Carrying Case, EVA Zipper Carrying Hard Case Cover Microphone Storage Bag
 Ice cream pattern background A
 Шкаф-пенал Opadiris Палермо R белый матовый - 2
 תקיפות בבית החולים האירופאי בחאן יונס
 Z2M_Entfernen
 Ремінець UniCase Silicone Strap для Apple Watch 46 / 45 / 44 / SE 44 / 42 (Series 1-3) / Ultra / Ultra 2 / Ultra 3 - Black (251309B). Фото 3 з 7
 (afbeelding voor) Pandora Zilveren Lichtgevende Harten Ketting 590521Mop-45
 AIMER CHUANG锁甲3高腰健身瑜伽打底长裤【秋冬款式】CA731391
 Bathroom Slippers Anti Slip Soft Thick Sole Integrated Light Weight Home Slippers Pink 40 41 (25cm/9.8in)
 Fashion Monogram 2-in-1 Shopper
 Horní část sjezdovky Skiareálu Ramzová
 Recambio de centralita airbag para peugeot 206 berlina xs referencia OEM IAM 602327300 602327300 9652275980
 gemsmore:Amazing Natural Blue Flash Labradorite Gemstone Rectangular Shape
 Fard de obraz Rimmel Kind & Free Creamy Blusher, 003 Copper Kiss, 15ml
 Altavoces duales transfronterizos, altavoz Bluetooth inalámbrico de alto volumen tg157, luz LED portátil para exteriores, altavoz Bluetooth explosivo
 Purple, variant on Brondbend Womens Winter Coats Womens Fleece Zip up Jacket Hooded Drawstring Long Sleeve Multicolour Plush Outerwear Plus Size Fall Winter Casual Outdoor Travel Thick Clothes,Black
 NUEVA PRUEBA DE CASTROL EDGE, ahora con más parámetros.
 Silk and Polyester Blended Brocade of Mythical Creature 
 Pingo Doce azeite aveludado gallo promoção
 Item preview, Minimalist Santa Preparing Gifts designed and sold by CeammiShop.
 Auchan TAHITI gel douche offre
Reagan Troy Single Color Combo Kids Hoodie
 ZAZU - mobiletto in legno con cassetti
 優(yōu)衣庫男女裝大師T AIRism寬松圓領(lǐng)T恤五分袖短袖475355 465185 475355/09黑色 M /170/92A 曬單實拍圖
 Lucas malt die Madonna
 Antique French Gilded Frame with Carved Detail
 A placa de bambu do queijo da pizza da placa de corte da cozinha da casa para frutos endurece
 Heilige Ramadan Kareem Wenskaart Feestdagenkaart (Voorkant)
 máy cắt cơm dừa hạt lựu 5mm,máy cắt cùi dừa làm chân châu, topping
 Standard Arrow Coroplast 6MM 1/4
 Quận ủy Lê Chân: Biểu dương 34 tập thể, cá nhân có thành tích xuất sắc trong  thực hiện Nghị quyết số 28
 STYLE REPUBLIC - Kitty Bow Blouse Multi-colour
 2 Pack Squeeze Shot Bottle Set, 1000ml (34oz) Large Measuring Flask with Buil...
____________________
REQUIREMENT: Copy the records above exactly.

EXERCISE ANSWER:
Carrying Case, EVA Zipper Carrying Hard Case Cover Microphone Storage Bag
 Ice cream pattern background A
 Шкаф-пенал Opadiris Палермо R белый матовый - 2
 תקיפות בבית החולים האירופאי בחאן יונס
 Z2M_Entfernen
 Ремінець UniCase Silicone Strap для Apple Watch 46 / 45 / 44 / SE 44 / 42 (Series 1-3) / Ultra / Ultra 2 / Ultra 3 - Black (251309B). Фото 3 з 7
 (afbeelding voor) Pandora Zilveren Lichtgevende Harten Ketting 590521Mop-45
 AIMER CHUANG锁甲3高腰健身瑜伽打底长裤【秋冬款式】CA731391
 Bathroom Slippers Anti Slip Soft Thick Sole Integrated Light Weight Home Slippers Pink 40 41 (25cm/9.8in)
 Fashion Monogram 2-in-1 Shopper
 Horní část sjezdovky Skiareálu Ramzová
 Recambio de centralita airbag para peugeot 206 berlina xs referencia OEM IAM 602327300 602327300 9652275980
 gemsmore:Amazing Natural Blue Flash Labradorite Gemstone Rectangular Shape
 Fard de obraz Rimmel Kind & Free Creamy Blusher, 003 Copper Kiss, 15ml
 Altavoces duales transfronterizos, altavoz Bluetooth inalámbrico de alto volumen tg157, luz LED portátil para exteriores, altavoz Bluetooth explosivo
 Purple, variant on Brondbend Womens Winter Coats Womens Fleece Zip up Jacket Hooded Drawstring Long Sleeve Multicolour Plush Outerwear Plus Size Fall Winter Casual Outdoor Travel Thick Clothes,Black
 NUEVA PRUEBA DE CASTROL EDGE, ahora con más parámetros.
 Silk and Polyester Blended Brocade of Mythical Creature 
 Pingo Doce azeite aveludado gallo promoção
 Item preview, Minimalist Santa Preparing Gifts designed and sold by CeammiShop.
 Auchan TAHITI gel douche offre
Reagan Troy Single Color Combo Kids Hoodie
 ZAZU - mobiletto in legno con cassetti
 優(yōu)衣庫男女裝大師T AIRism寬松圓領(lǐng)T恤五分袖短袖475355 465185 475355/09黑色 M /170/92A 曬單實拍圖
 Lucas malt die Madonna
 Antique French Gilded Frame with Carved Detail
 A placa de bambu do queijo da pizza da placa de corte da cozinha da casa para frutos endurece
 Heilige Ramadan Kareem Wenskaart Feestdagenkaart (Voorkant)
 máy cắt cơm dừa hạt lựu 5mm,máy cắt cùi dừa làm chân châu, topping
 Standard Arrow Coroplast 6MM 1/4
 Quận ủy Lê Chân: Biểu dương 34 tập thể, cá nhân có thành tích xuất sắc trong  thực hiện Nghị quyết số 28
 STYLE REPUBLIC - Kitty Bow Blouse Multi-colour
 2 Pack Squeeze Shot Bottle Set, 1000ml (34oz) Large Measuring Flask with Buil...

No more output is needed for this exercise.